RECORDED INFORMATION:
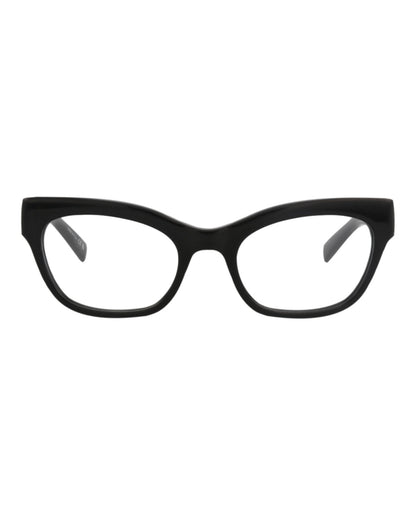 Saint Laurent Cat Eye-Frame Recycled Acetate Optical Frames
==
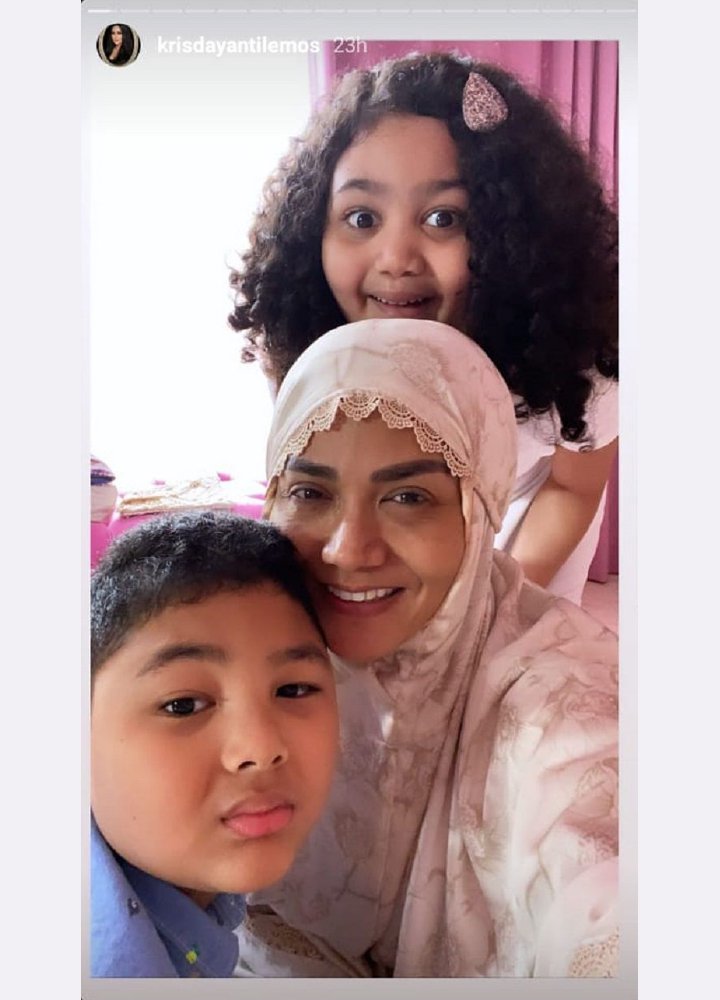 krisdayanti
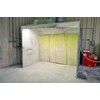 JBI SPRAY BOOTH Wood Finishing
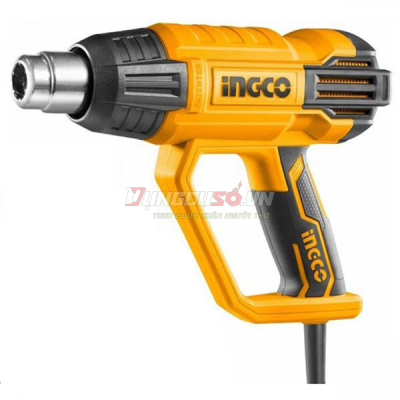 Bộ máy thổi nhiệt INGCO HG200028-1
---
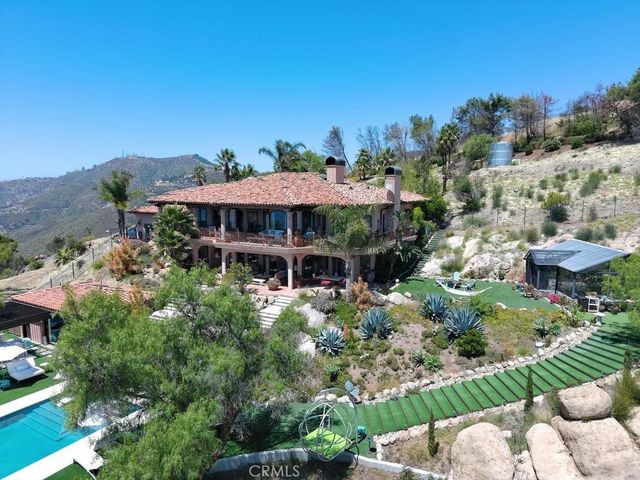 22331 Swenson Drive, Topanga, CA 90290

ASSIGNED TASK: Set down again, word for word, every line from the one with "JBI SPRAY BOOTH Wood Finishing" to the one with "Bộ máy thổi nhiệt INGCO HG200028-1" in the entries above, and omit the pictures.

OUTPUT FOR THIS TASK:
 JBI SPRAY BOOTH Wood Finishing
 Bộ máy thổi nhiệt INGCO HG200028-1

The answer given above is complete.